HOW TO COMPLETE THIS TASK: Your job is to retype all of the data word for word, leaving every image out.

RECORDS:
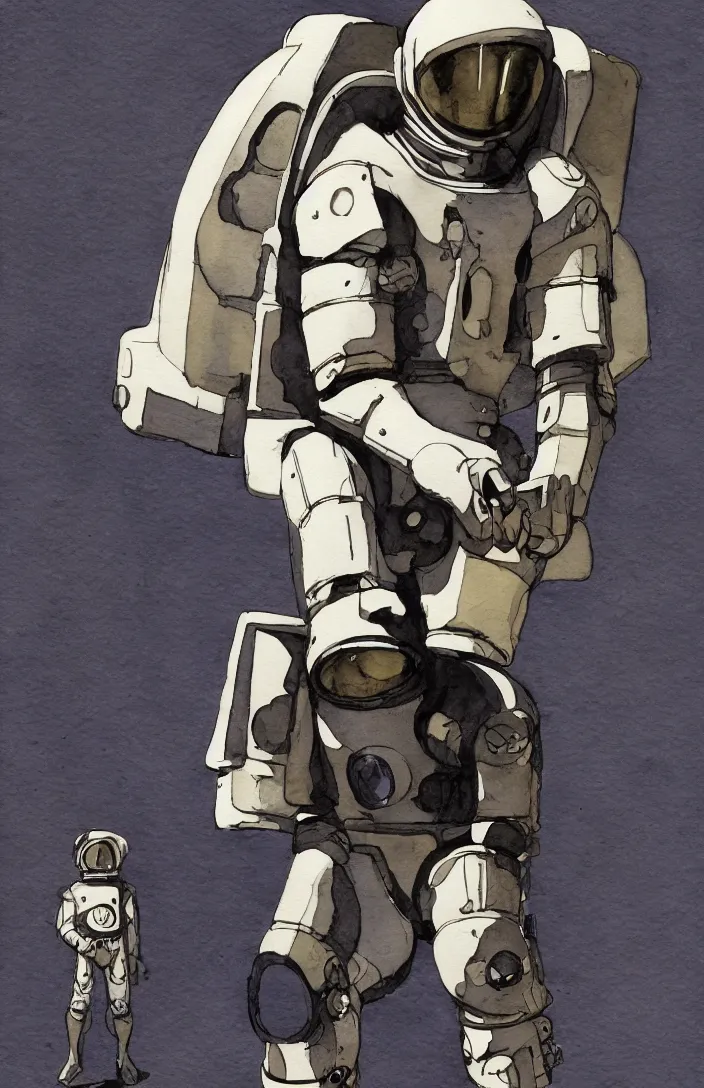 Image similar to male, full body, modern space suit, very stylized character design, large shoulders, short torso, long thin legs, tiny feet, character sheet, science fiction, hyperdetailed, technical suit, space marine, watercolor digital painting, by mike mignola, by alex maleev, jean giraud, painted by leyendecker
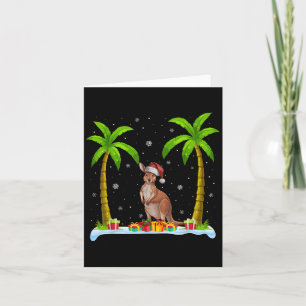 Kangaroo Weihnachtsmannmütze Palm Tree Beach Xmas Karte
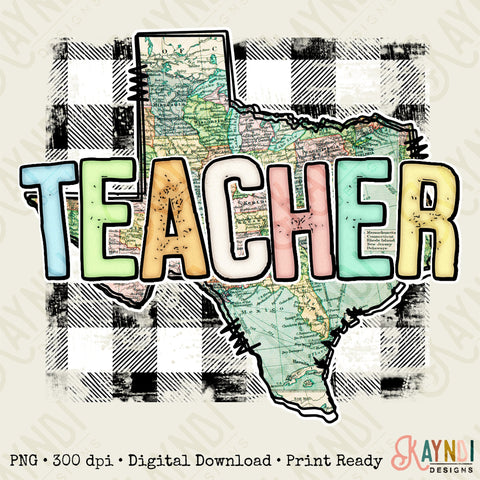 Teacher Texas Sublimation Design PNG Digital Download Printable State School Spirit Gingham School Supplies Map Cute Pastel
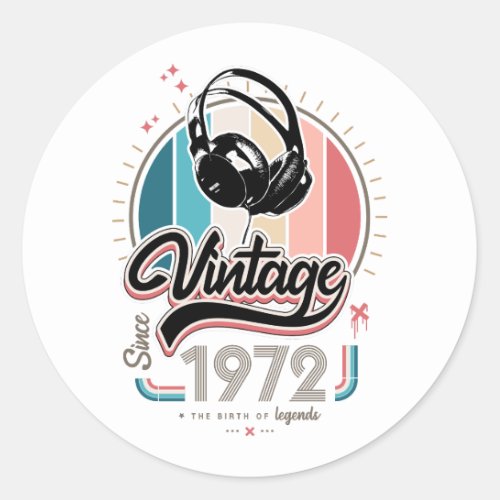 Vintage since 1972 headphones classic round sticker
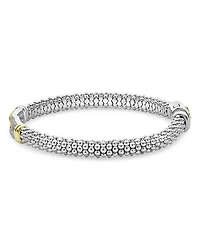 18K Yellow Gold & Sterling Silver Caviar Lux Diamond Interlocking Loop Bead Clip Bracelet - Exclusive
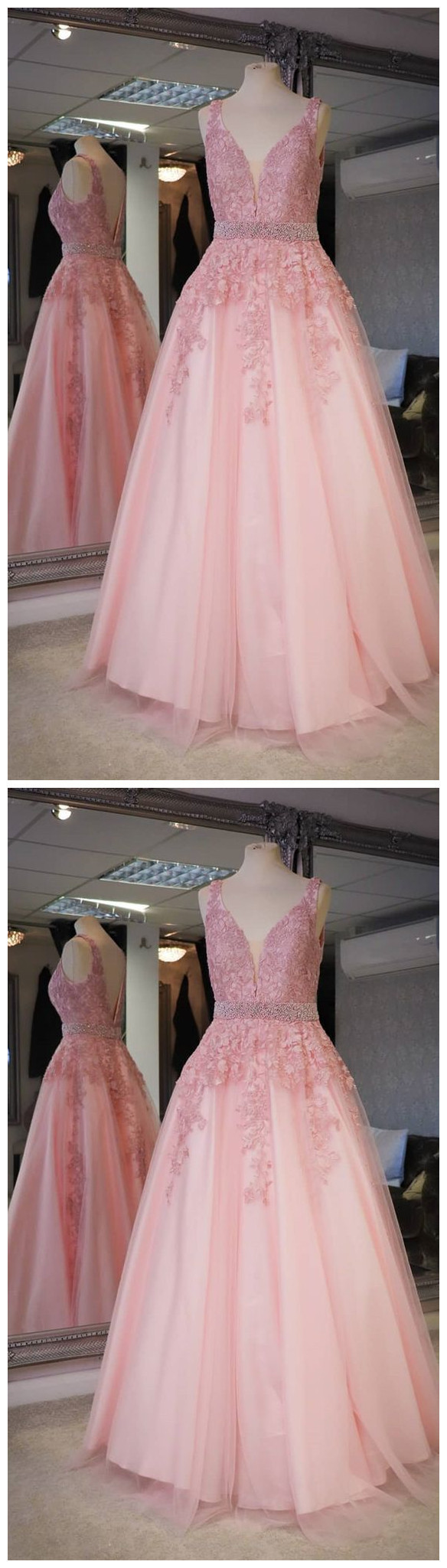 Formal Pink Lace Long Dresses, Pink Long Prom Dresses, A Line Graduation Party Gowns M2704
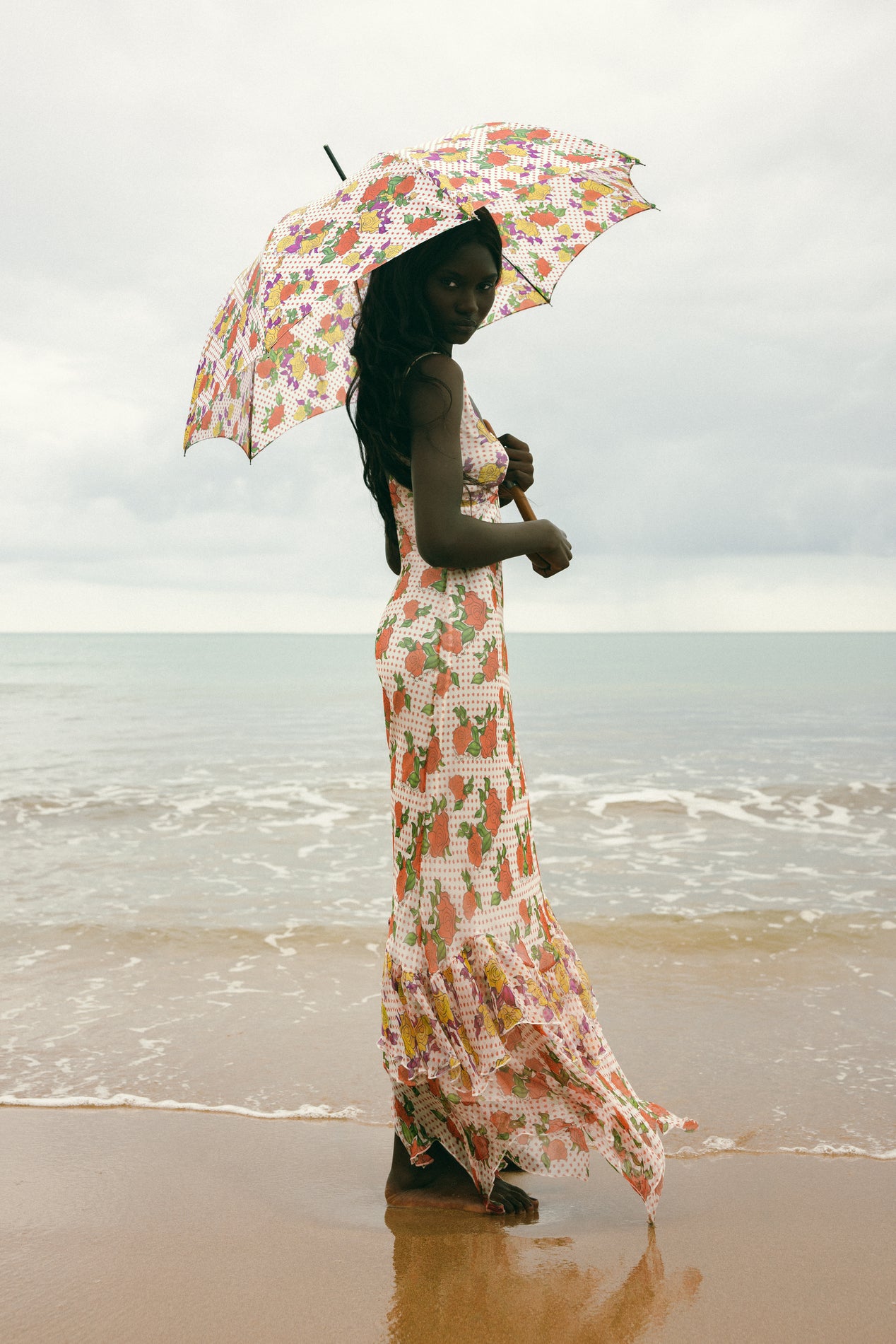 Pajaritos Y Rosas Silk Long Dress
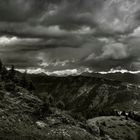 Mountain storm b&w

RESULT FOR THIS EXERCISE:
 Image similar to male, full body, modern space suit, very stylized character design, large shoulders, short torso, long thin legs, tiny feet, character sheet, science fiction, hyperdetailed, technical suit, space marine, watercolor digital painting, by mike mignola, by alex maleev, jean giraud, painted by leyendecker
 Kangaroo Weihnachtsmannmütze Palm Tree Beach Xmas Karte
 Teacher Texas Sublimation Design PNG Digital Download Printable State School Spirit Gingham School Supplies Map Cute Pastel
 Vintage since 1972 headphones classic round sticker
 18K Yellow Gold & Sterling Silver Caviar Lux Diamond Interlocking Loop Bead Clip Bracelet - Exclusive
 Formal Pink Lace Long Dresses, Pink Long Prom Dresses, A Line Graduation Party Gowns M2704
 Pajaritos Y Rosas Silk Long Dress
 Mountain storm b&w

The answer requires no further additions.